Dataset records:
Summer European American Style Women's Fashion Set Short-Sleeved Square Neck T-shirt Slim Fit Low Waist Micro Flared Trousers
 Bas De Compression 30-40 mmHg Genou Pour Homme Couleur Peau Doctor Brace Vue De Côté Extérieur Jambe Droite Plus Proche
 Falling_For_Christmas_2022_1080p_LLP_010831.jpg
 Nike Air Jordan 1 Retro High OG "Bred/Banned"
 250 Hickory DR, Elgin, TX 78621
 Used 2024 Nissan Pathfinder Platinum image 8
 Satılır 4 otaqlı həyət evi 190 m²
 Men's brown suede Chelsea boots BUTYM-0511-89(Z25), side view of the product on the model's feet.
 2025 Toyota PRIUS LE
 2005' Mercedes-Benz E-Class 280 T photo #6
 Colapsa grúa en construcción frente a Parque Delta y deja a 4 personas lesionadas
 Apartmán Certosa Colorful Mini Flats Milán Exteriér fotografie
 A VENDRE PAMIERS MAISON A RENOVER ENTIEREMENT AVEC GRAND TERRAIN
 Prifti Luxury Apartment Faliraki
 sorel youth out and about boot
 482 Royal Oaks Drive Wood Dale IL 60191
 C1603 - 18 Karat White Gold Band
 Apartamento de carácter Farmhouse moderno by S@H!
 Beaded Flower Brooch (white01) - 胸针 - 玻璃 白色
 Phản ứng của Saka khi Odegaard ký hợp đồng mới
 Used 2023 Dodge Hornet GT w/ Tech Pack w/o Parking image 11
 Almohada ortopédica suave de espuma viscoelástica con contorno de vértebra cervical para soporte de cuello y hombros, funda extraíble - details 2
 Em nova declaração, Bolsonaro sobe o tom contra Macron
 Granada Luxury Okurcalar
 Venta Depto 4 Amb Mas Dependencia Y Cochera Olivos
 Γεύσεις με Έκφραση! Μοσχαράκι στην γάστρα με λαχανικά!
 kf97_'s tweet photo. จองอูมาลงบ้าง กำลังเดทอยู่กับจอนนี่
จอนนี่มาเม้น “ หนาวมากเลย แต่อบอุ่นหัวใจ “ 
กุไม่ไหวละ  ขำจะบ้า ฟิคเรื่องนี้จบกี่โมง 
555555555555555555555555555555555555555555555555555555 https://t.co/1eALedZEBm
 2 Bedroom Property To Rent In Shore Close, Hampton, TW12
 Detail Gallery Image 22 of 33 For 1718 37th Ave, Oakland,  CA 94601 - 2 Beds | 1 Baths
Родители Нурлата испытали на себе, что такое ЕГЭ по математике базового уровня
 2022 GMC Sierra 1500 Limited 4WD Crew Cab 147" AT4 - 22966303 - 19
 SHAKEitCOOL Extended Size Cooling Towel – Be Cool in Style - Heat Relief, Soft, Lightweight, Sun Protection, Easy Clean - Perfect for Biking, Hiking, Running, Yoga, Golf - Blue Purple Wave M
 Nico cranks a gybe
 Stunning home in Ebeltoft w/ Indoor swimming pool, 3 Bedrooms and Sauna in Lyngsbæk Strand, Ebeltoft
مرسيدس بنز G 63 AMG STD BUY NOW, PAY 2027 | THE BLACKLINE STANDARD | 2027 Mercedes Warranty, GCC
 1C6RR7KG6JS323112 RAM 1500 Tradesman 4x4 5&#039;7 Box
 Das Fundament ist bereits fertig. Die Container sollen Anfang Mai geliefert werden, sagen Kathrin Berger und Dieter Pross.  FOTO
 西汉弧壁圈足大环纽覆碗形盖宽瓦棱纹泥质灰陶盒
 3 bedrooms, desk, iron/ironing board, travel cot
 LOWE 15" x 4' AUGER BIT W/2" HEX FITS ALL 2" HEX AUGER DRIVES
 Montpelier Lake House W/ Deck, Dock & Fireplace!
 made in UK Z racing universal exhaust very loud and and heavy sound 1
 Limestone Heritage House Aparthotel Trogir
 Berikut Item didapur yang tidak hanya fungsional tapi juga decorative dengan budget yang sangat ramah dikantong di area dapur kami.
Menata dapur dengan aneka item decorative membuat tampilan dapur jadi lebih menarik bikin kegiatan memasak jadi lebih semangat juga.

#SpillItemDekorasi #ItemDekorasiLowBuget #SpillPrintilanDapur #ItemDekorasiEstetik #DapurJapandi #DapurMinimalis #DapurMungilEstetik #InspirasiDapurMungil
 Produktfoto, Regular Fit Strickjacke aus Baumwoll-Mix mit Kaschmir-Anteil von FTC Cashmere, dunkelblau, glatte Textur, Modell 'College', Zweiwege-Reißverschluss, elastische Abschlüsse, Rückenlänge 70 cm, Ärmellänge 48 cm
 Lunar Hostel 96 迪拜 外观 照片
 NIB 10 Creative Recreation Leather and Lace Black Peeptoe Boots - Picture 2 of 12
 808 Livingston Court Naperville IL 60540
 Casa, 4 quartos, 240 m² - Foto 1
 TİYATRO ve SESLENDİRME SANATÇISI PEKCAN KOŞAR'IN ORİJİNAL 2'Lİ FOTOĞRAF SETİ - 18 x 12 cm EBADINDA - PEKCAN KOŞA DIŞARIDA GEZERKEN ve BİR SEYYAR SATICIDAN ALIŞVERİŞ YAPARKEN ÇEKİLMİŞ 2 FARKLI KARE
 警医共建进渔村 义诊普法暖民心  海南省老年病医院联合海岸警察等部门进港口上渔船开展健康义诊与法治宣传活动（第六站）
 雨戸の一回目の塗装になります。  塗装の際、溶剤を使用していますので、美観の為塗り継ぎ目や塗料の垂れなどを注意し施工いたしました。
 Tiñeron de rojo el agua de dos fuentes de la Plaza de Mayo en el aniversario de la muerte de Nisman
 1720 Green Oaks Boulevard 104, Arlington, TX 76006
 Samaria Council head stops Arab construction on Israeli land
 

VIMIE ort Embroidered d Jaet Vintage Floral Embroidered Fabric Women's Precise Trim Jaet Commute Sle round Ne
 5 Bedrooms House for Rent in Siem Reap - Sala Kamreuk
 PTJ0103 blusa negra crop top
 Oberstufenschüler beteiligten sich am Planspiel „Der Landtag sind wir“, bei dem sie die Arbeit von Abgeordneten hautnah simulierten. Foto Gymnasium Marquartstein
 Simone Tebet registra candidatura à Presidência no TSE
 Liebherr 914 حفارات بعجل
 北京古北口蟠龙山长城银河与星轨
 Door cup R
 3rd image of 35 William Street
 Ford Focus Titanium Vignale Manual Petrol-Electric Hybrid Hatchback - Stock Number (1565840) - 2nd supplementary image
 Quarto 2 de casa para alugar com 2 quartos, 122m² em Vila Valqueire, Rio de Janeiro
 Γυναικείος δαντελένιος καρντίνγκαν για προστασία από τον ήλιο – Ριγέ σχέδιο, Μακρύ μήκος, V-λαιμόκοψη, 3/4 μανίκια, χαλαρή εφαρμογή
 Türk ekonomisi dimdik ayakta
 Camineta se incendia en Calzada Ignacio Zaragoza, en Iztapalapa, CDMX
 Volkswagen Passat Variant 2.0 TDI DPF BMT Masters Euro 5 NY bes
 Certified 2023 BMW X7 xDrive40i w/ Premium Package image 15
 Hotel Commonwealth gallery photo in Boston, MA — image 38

=== Directions for this task ===
Send back all the records above word for word.

=== Answer section ===
Summer European American Style Women's Fashion Set Short-Sleeved Square Neck T-shirt Slim Fit Low Waist Micro Flared Trousers
 Bas De Compression 30-40 mmHg Genou Pour Homme Couleur Peau Doctor Brace Vue De Côté Extérieur Jambe Droite Plus Proche
 Falling_For_Christmas_2022_1080p_LLP_010831.jpg
 Nike Air Jordan 1 Retro High OG "Bred/Banned"
 250 Hickory DR, Elgin, TX 78621
 Used 2024 Nissan Pathfinder Platinum image 8
 Satılır 4 otaqlı həyət evi 190 m²
 Men's brown suede Chelsea boots BUTYM-0511-89(Z25), side view of the product on the model's feet.
 2025 Toyota PRIUS LE
 2005' Mercedes-Benz E-Class 280 T photo #6
 Colapsa grúa en construcción frente a Parque Delta y deja a 4 personas lesionadas
 Apartmán Certosa Colorful Mini Flats Milán Exteriér fotografie
 A VENDRE PAMIERS MAISON A RENOVER ENTIEREMENT AVEC GRAND TERRAIN
 Prifti Luxury Apartment Faliraki
 sorel youth out and about boot
 482 Royal Oaks Drive Wood Dale IL 60191
 C1603 - 18 Karat White Gold Band
 Apartamento de carácter Farmhouse moderno by S@H!
 Beaded Flower Brooch (white01) - 胸针 - 玻璃 白色
 Phản ứng của Saka khi Odegaard ký hợp đồng mới
 Used 2023 Dodge Hornet GT w/ Tech Pack w/o Parking image 11
 Almohada ortopédica suave de espuma viscoelástica con contorno de vértebra cervical para soporte de cuello y hombros, funda extraíble - details 2
 Em nova declaração, Bolsonaro sobe o tom contra Macron
 Granada Luxury Okurcalar
 Venta Depto 4 Amb Mas Dependencia Y Cochera Olivos
 Γεύσεις με Έκφραση! Μοσχαράκι στην γάστρα με λαχανικά!
 kf97_'s tweet photo. จองอูมาลงบ้าง กำลังเดทอยู่กับจอนนี่
จอนนี่มาเม้น “ หนาวมากเลย แต่อบอุ่นหัวใจ “ 
กุไม่ไหวละ  ขำจะบ้า ฟิคเรื่องนี้จบกี่โมง 
555555555555555555555555555555555555555555555555555555 https://t.co/1eALedZEBm
 2 Bedroom Property To Rent In Shore Close, Hampton, TW12
 Detail Gallery Image 22 of 33 For 1718 37th Ave, Oakland,  CA 94601 - 2 Beds | 1 Baths
Родители Нурлата испытали на себе, что такое ЕГЭ по математике базового уровня
 2022 GMC Sierra 1500 Limited 4WD Crew Cab 147" AT4 - 22966303 - 19
 SHAKEitCOOL Extended Size Cooling Towel – Be Cool in Style - Heat Relief, Soft, Lightweight, Sun Protection, Easy Clean - Perfect for Biking, Hiking, Running, Yoga, Golf - Blue Purple Wave M
 Nico cranks a gybe
 Stunning home in Ebeltoft w/ Indoor swimming pool, 3 Bedrooms and Sauna in Lyngsbæk Strand, Ebeltoft
مرسيدس بنز G 63 AMG STD BUY NOW, PAY 2027 | THE BLACKLINE STANDARD | 2027 Mercedes Warranty, GCC
 1C6RR7KG6JS323112 RAM 1500 Tradesman 4x4 5&#039;7 Box
 Das Fundament ist bereits fertig. Die Container sollen Anfang Mai geliefert werden, sagen Kathrin Berger und Dieter Pross.  FOTO
 西汉弧壁圈足大环纽覆碗形盖宽瓦棱纹泥质灰陶盒
 3 bedrooms, desk, iron/ironing board, travel cot
 LOWE 15" x 4' AUGER BIT W/2" HEX FITS ALL 2" HEX AUGER DRIVES
 Montpelier Lake House W/ Deck, Dock & Fireplace!
 made in UK Z racing universal exhaust very loud and and heavy sound 1
 Limestone Heritage House Aparthotel Trogir
 Berikut Item didapur yang tidak hanya fungsional tapi juga decorative dengan budget yang sangat ramah dikantong di area dapur kami.
Menata dapur dengan aneka item decorative membuat tampilan dapur jadi lebih menarik bikin kegiatan memasak jadi lebih semangat juga.

#SpillItemDekorasi #ItemDekorasiLowBuget #SpillPrintilanDapur #ItemDekorasiEstetik #DapurJapandi #DapurMinimalis #DapurMungilEstetik #InspirasiDapurMungil
 Produktfoto, Regular Fit Strickjacke aus Baumwoll-Mix mit Kaschmir-Anteil von FTC Cashmere, dunkelblau, glatte Textur, Modell 'College', Zweiwege-Reißverschluss, elastische Abschlüsse, Rückenlänge 70 cm, Ärmellänge 48 cm
 Lunar Hostel 96 迪拜 外观 照片
 NIB 10 Creative Recreation Leather and Lace Black Peeptoe Boots - Picture 2 of 12
 808 Livingston Court Naperville IL 60540
 Casa, 4 quartos, 240 m² - Foto 1
 TİYATRO ve SESLENDİRME SANATÇISI PEKCAN KOŞAR'IN ORİJİNAL 2'Lİ FOTOĞRAF SETİ - 18 x 12 cm EBADINDA - PEKCAN KOŞA DIŞARIDA GEZERKEN ve BİR SEYYAR SATICIDAN ALIŞVERİŞ YAPARKEN ÇEKİLMİŞ 2 FARKLI KARE
 警医共建进渔村 义诊普法暖民心  海南省老年病医院联合海岸警察等部门进港口上渔船开展健康义诊与法治宣传活动（第六站）
 雨戸の一回目の塗装になります。  塗装の際、溶剤を使用していますので、美観の為塗り継ぎ目や塗料の垂れなどを注意し施工いたしました。
 Tiñeron de rojo el agua de dos fuentes de la Plaza de Mayo en el aniversario de la muerte de Nisman
 1720 Green Oaks Boulevard 104, Arlington, TX 76006
 Samaria Council head stops Arab construction on Israeli land
 

VIMIE ort Embroidered d Jaet Vintage Floral Embroidered Fabric Women's Precise Trim Jaet Commute Sle round Ne
 5 Bedrooms House for Rent in Siem Reap - Sala Kamreuk
 PTJ0103 blusa negra crop top
 Oberstufenschüler beteiligten sich am Planspiel „Der Landtag sind wir“, bei dem sie die Arbeit von Abgeordneten hautnah simulierten. Foto Gymnasium Marquartstein
 Simone Tebet registra candidatura à Presidência no TSE
 Liebherr 914 حفارات بعجل
 北京古北口蟠龙山长城银河与星轨
 Door cup R
 3rd image of 35 William Street
 Ford Focus Titanium Vignale Manual Petrol-Electric Hybrid Hatchback - Stock Number (1565840) - 2nd supplementary image
 Quarto 2 de casa para alugar com 2 quartos, 122m² em Vila Valqueire, Rio de Janeiro
 Γυναικείος δαντελένιος καρντίνγκαν για προστασία από τον ήλιο – Ριγέ σχέδιο, Μακρύ μήκος, V-λαιμόκοψη, 3/4 μανίκια, χαλαρή εφαρμογή
 Türk ekonomisi dimdik ayakta
 Camineta se incendia en Calzada Ignacio Zaragoza, en Iztapalapa, CDMX
 Volkswagen Passat Variant 2.0 TDI DPF BMT Masters Euro 5 NY bes
 Certified 2023 BMW X7 xDrive40i w/ Premium Package image 15
 Hotel Commonwealth gallery photo in Boston, MA — image 38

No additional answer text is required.